- [Exercise directions]: No line before the one holding "03.10.2025 - Köhlbrandbrückenlauf" is to be copied; that line and all after it, through the end of the listing, are returned exactly, minus pictures.

- [Records supplied]:

○ ○ ○ ○

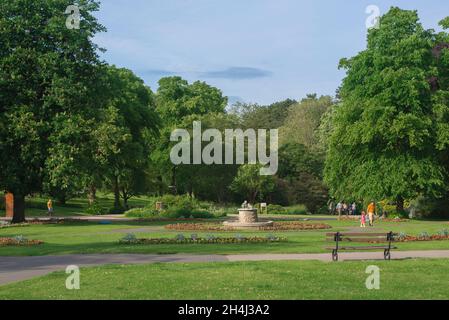 Valley Gardens Harrogate, vista in estate della fontana Cherub nei Valley Gardens, Harrogate, North Yorkshire, Inghilterra, Regno Unito Foto Stock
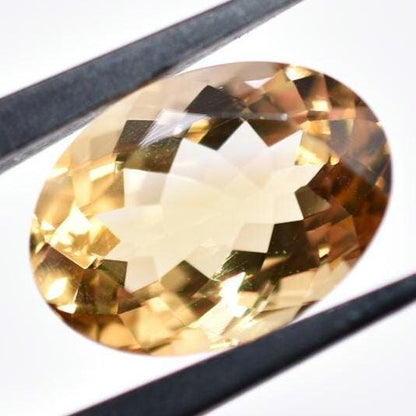 11.85ct VVS Natural Citrine - Oval Faceted - Cut Citrine Gemstone - Loose Gemstones - Unheated Citrine - Faceted Gems from Brazil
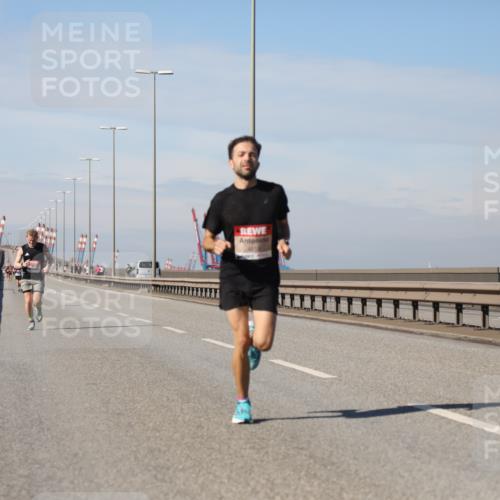 03.10.2025 - Köhlbrandbrückenlauf Yannick Fuchs http://msf.ph/oto/9183614 03.10.2025 11:33:56 Position 3  meine-sportfotos.de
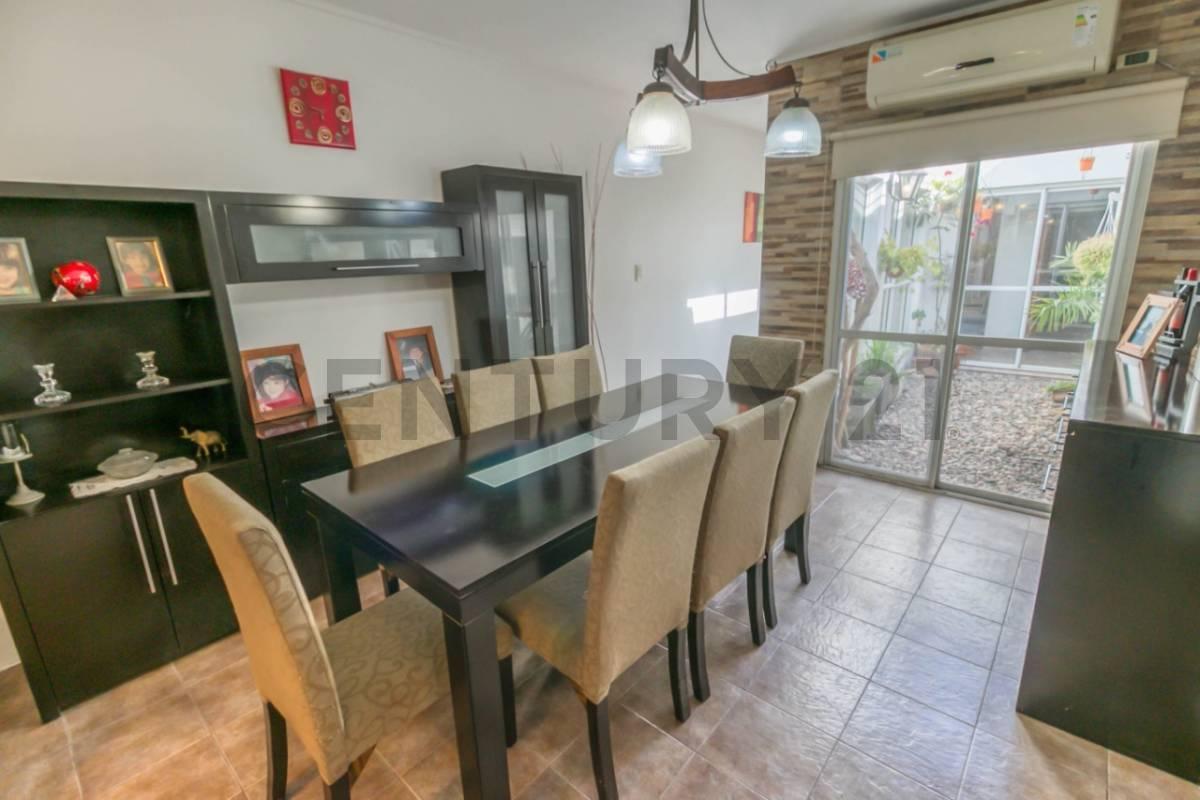 Casa en venta con tres dormitorios en La Plata — foto 1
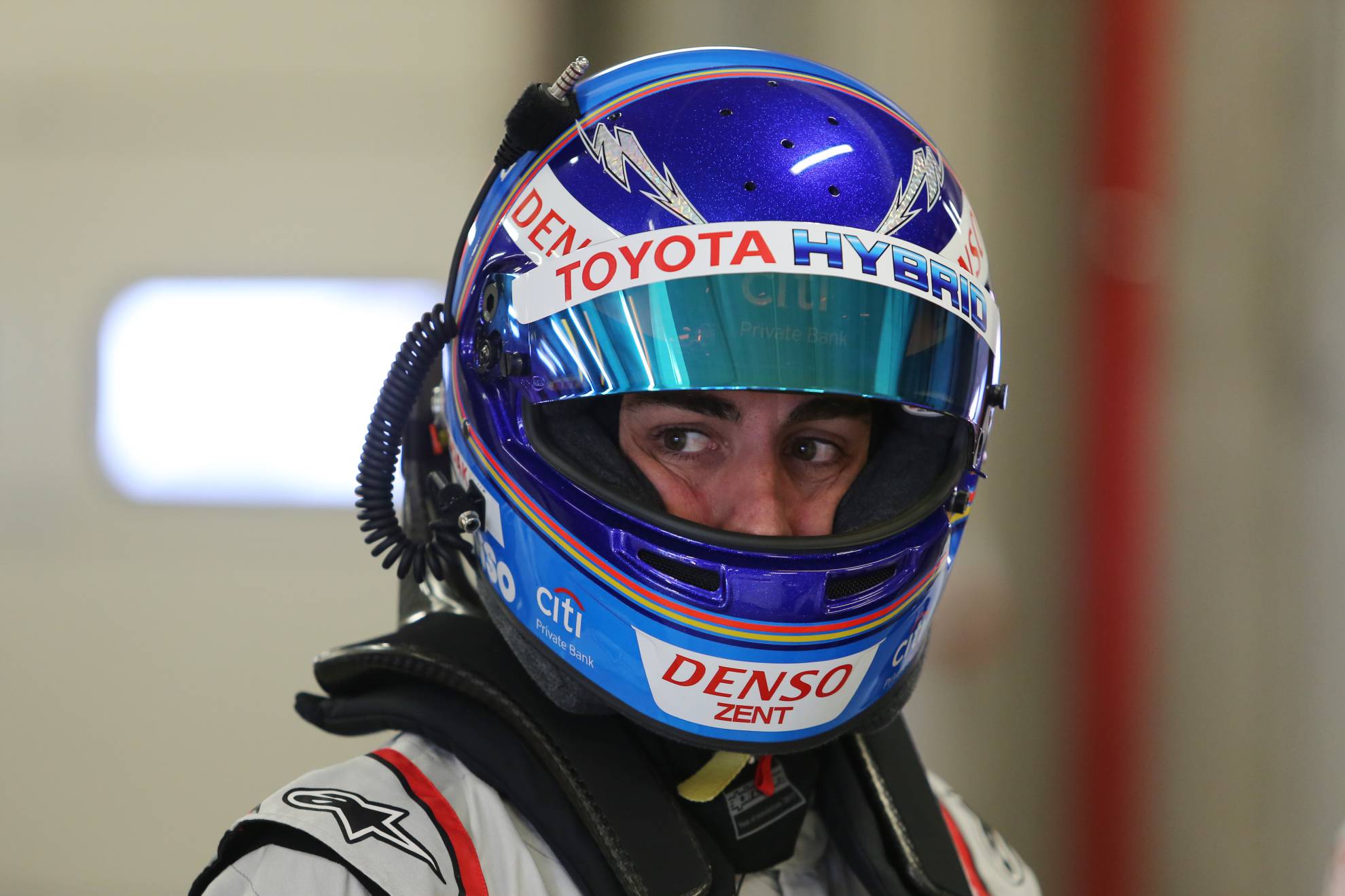 Fernando Alonso, en los test con Toyota en Portimao.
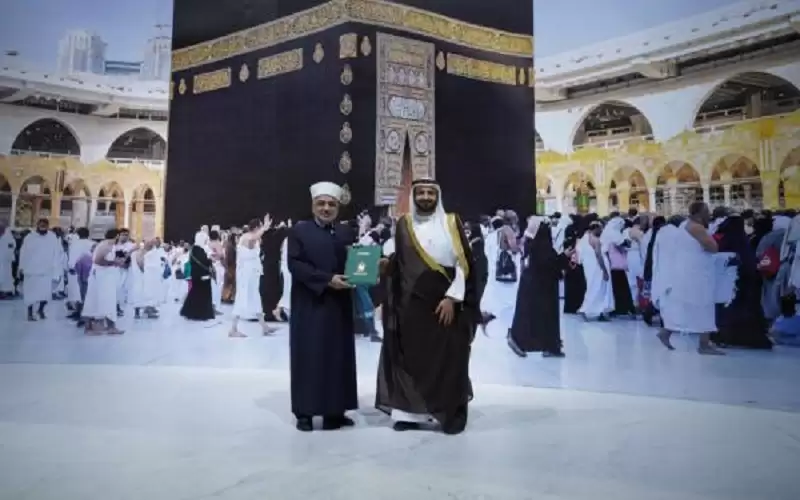 وزير الاوقاف يوقع اتفاقية ترتيبات موسم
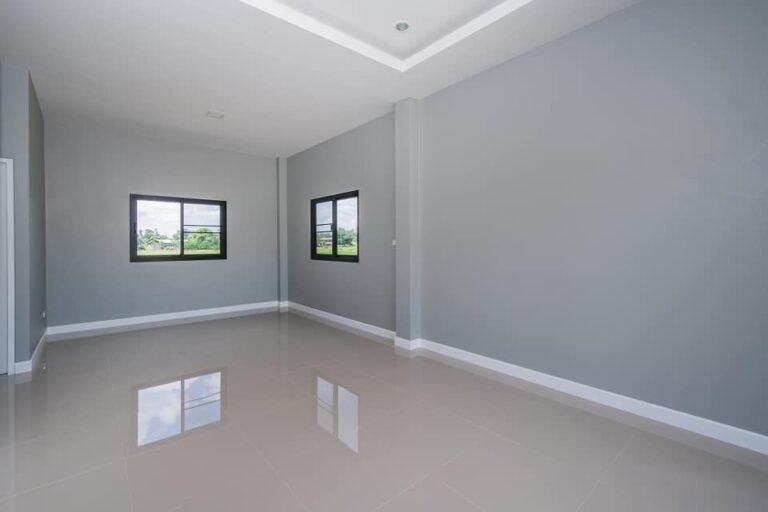 دهانات داخلية باللون الرمادي العصري في الرياض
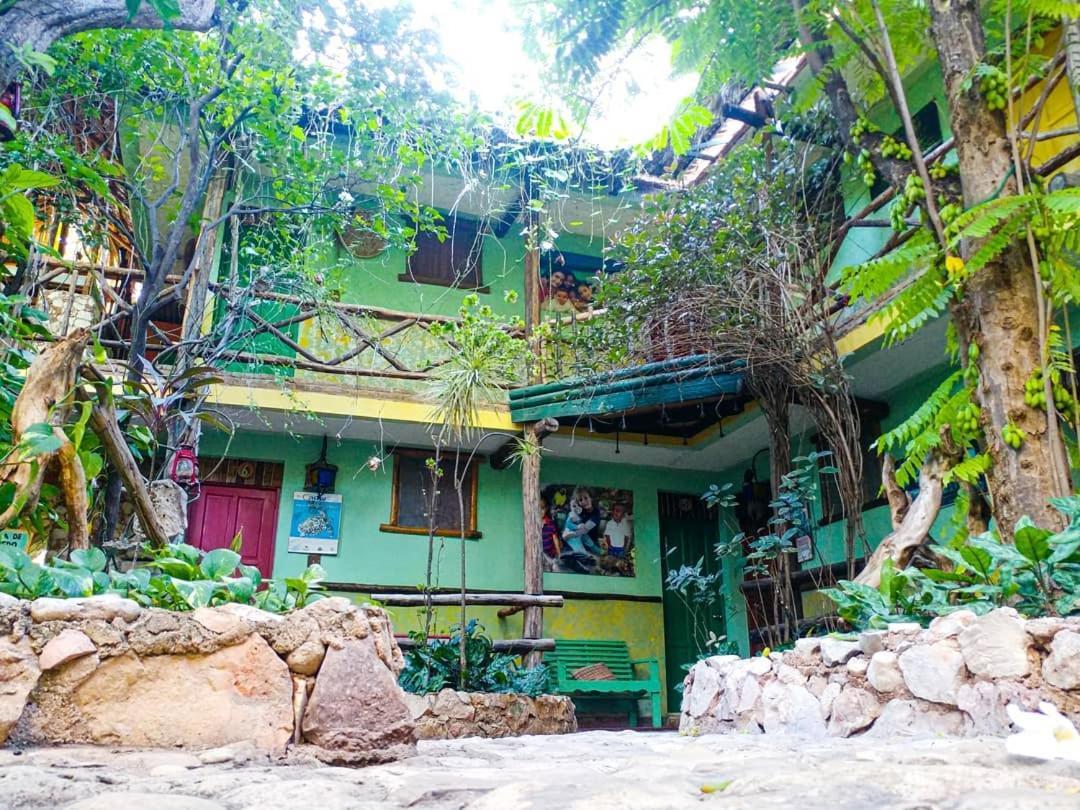 بدرنالس Hostal Dona Chava المظهر الخارجي الصورة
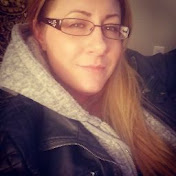 Profile Picture of Laura Crandall (@LauraCrandall) on Youtube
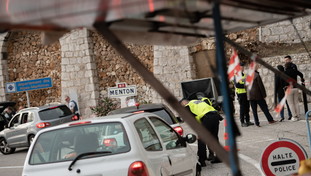 La Francia militarizza il confine a Ventimiglia: schieramento da paura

○ ○ ○ ○

- [Solution]:
 03.10.2025 - Köhlbrandbrückenlauf Yannick Fuchs http://msf.ph/oto/9183614 03.10.2025 11:33:56 Position 3  meine-sportfotos.de
 Casa en venta con tres dormitorios en La Plata — foto 1
 Fernando Alonso, en los test con Toyota en Portimao.
 وزير الاوقاف يوقع اتفاقية ترتيبات موسم
 دهانات داخلية باللون الرمادي العصري في الرياض
 بدرنالس Hostal Dona Chava المظهر الخارجي الصورة
 Profile Picture of Laura Crandall (@LauraCrandall) on Youtube
 La Francia militarizza il confine a Ventimiglia: schieramento da paura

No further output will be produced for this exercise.